Repeat of a personal notation in one of the above items: “…It was then that I observed a fundamental difference between Canada, where the Phelps phenomenon would never happen, and the U.S.: In the United States laws protecting freedom of religion trump any prohibitions against hate speech.  In Canada laws forbidding hate speech trump any protection of freedom of religion.”

June 8, 2010

The Westboro Children: Casualties in the Crusade of Hate

Much has been written about Fred Phelps, the man whose interpretation of scripture — the gospel of hate — represents about 0.000000001% of Christians, but somehow manages to garner an inordinate percentage of media publicity.

But what of the children that we see in the images of the Westboro protesters?   What absolutely warped upbringing are these kids experiencing?

ABC News decided to dig a little deeper and ended up at the home of Steve and Luci Drain and their three children.   After watching the nearly nine-minute segment, it was Lauren Drain who captured my interest; their estranged daughter, now in her mid 20s, who was voted out of the family:

  • “They sing lullabies about people going to hell,” she told Chris Cuomo in an exclusive interview.
  • “I saw some hypocrisy, and I mentioned them and they hated it,” she said. “You’re not supposed to question anything.”
  • Eventually, she said, when she was 21 the members voted her out of the church and out of her home, including her own parents… and the same night she was voted out she said her family sent her to stay at a hotel and cut off all communication.
  • A week later, Lauren Drain returned home to pick up her belongings and said she found that her youngest sister Faith already had been taught to hate her…”I raised her from the time she was born. I used to watch her every day. And a week later, she is happy I’m gone.”
  • As for the daughter they have lost, Steve and Luci Drain said they don’t miss her and don’t think they would ever allow her back.  “Why would I miss her?” Steve Drain asked.
  • Lauren Drain said she wishes she could speak to her younger brother and sisters, to tell them she loves them and that the hate they spread is not the true message of God.  “I miss them and I love them and I really care about them, and God doesn’t hate everyone. God has mercy on people, God forgives people,” Lauren Drain said she’d tell her siblings.

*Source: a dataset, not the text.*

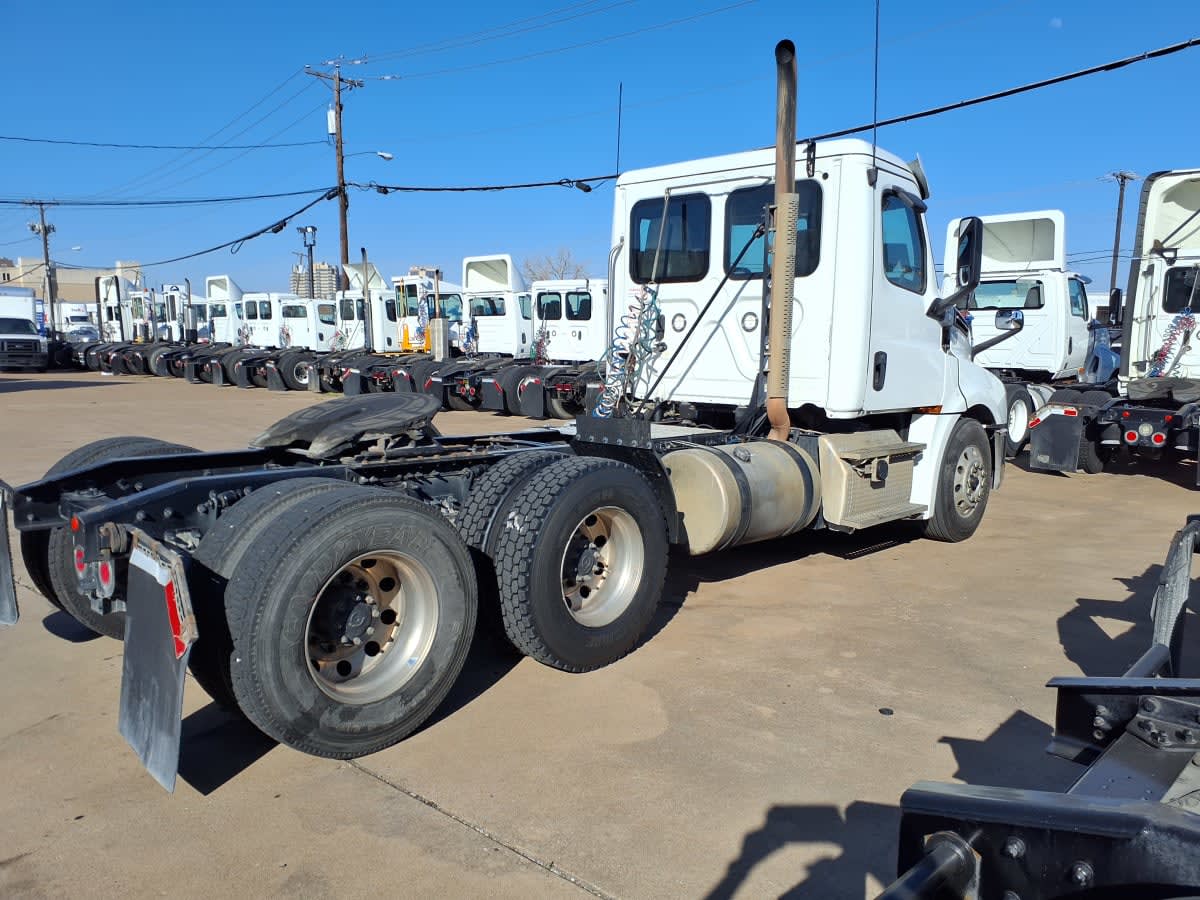 2019 Freightliner/Mercedes NEW CASCADIA PX12664 820571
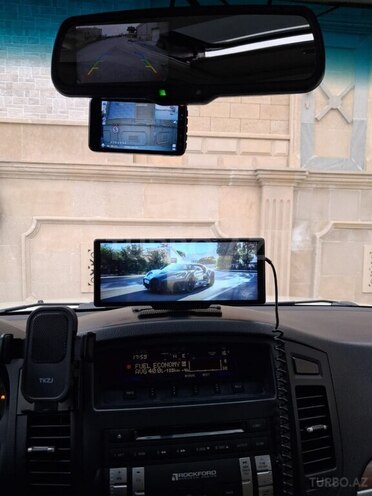Mitsubishi Pajero-12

While much of the story focuses on her younger siblings, it is Lauren who gives the piece perspective.  Unlike Nate Phelps, about whom a lengthy post on this blog was published twice in 2009,  who has walked away from Christianity entirely, Lauren seems to have kept some core beliefs about God intact, or has worked to reconstruct belief, seperating truth from lies.

As I watched the parents totally “write off” their eldest daughter, I wondered how such people read the parable of the prodigal son; how do they reconcile the love that the boy’s father lavishes on him, even after the son rejected everything and squandered his father’s money?

I suspect that passage is never studied at Westboro.   Ditto the woman at the well in John 4, or the woman caught in sin in John 8.

You can read the ABC News report,  go directly to watch the video, or catch both, as I did yesterday at the N.I.F.T.Y. Christian blog.  (On the video, be sure not to miss the one child being hit by a car.  The authorities should remove these kids — the children are being put at adverse risk — and they should do it soon!)

And say a prayer tonight for Lauren, as she attempts to live a new life.

Lauren, if you’re somehow reading this, be strong in the Lord.